== RECORDS SUPPLIED ==
--------------------

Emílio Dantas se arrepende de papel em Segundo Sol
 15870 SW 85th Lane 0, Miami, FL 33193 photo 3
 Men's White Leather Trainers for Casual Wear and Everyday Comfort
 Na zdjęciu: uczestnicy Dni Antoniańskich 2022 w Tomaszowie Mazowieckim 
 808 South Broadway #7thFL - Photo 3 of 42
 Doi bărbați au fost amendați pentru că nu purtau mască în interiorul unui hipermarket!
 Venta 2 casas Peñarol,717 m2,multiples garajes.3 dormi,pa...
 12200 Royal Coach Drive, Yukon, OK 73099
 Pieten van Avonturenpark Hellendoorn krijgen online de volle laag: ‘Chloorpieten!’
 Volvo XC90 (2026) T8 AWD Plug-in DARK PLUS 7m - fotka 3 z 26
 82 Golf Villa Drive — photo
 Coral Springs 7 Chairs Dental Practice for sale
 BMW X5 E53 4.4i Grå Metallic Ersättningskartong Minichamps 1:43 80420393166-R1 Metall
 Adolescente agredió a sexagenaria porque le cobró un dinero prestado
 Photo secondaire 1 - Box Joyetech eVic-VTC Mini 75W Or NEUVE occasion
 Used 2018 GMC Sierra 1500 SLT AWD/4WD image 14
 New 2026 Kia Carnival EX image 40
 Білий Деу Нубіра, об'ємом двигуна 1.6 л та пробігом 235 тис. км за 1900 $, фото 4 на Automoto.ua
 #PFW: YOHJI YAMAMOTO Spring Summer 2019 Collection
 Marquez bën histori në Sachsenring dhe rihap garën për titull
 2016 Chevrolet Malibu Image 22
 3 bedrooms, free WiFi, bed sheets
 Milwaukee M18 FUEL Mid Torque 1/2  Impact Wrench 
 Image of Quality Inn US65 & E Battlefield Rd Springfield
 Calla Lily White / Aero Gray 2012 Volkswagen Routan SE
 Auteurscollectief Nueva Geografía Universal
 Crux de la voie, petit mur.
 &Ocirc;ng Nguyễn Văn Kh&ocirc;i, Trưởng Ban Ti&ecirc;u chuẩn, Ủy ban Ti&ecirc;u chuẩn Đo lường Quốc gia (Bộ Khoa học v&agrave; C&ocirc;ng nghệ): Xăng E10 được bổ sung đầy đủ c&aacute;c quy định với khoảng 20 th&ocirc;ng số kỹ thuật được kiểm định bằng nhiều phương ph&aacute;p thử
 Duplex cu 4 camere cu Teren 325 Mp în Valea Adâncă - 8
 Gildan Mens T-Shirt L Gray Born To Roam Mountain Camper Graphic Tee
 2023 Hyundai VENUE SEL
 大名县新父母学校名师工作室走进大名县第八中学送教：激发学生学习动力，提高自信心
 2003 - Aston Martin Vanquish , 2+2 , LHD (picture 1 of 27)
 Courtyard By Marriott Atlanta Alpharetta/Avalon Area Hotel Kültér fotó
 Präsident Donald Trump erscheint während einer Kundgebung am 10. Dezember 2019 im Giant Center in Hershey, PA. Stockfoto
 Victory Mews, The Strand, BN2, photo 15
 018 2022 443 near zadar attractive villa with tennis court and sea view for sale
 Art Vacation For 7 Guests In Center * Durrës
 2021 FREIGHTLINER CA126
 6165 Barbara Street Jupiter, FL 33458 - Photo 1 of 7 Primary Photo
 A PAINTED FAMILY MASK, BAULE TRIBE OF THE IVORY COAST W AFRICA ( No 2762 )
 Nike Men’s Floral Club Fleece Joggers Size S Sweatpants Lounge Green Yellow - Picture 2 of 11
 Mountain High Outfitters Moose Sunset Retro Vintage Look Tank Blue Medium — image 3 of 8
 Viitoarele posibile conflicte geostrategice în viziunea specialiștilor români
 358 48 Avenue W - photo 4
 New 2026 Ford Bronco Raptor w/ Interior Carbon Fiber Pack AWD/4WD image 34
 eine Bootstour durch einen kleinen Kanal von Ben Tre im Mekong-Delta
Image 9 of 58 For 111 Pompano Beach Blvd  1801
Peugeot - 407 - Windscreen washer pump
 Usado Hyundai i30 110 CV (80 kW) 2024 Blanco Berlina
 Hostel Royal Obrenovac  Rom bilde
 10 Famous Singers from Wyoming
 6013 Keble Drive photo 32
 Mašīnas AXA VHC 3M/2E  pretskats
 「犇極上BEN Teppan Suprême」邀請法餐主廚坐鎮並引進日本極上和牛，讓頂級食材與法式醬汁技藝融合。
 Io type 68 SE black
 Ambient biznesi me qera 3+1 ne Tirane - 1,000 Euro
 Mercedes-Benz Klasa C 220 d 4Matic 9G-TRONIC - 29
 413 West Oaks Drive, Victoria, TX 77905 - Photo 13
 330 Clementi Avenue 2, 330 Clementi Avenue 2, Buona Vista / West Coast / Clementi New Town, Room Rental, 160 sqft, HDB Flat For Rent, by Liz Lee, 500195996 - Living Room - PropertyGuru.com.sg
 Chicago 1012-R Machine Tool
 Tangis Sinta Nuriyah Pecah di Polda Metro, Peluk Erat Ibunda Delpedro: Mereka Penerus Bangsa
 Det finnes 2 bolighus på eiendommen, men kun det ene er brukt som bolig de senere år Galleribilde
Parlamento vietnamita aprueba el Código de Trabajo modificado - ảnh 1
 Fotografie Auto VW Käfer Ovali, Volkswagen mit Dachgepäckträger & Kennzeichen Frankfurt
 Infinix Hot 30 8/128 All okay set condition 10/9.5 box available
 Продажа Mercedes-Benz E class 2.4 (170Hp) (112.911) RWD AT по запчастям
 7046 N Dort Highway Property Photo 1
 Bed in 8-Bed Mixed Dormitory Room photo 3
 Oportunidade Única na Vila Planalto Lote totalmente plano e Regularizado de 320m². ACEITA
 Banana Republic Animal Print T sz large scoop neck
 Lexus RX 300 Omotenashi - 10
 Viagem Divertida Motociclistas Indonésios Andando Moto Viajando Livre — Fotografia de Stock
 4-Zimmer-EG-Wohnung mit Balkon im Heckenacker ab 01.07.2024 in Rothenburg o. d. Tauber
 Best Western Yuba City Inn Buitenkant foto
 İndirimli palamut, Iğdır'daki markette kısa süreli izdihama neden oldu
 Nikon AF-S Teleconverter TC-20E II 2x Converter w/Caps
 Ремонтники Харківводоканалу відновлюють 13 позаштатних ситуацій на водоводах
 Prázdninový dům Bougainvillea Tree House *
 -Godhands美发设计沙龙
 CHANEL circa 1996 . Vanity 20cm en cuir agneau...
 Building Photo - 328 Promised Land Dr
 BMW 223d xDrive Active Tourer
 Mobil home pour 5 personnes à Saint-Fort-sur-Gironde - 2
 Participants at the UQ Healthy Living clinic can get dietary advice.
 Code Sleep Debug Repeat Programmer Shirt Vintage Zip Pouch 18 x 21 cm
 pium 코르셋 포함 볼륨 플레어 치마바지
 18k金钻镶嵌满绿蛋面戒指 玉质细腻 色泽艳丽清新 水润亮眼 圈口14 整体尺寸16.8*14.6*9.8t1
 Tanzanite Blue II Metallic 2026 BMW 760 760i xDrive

--------------------

== WHAT TO WORK ON ==
Everything above from the line with "Used 2018 GMC" to the line with "Crux de la voie, petit mur.", both included, must be repeated exactly, and nothing outside that range.

== TASK SOLUTION ==
 Used 2018 GMC Sierra 1500 SLT AWD/4WD image 14
 New 2026 Kia Carnival EX image 40
 Білий Деу Нубіра, об'ємом двигуна 1.6 л та пробігом 235 тис. км за 1900 $, фото 4 на Automoto.ua
 #PFW: YOHJI YAMAMOTO Spring Summer 2019 Collection
 Marquez bën histori në Sachsenring dhe rihap garën për titull
 2016 Chevrolet Malibu Image 22
 3 bedrooms, free WiFi, bed sheets
 Milwaukee M18 FUEL Mid Torque 1/2  Impact Wrench 
 Image of Quality Inn US65 & E Battlefield Rd Springfield
 Calla Lily White / Aero Gray 2012 Volkswagen Routan SE
 Auteurscollectief Nueva Geografía Universal
 Crux de la voie, petit mur.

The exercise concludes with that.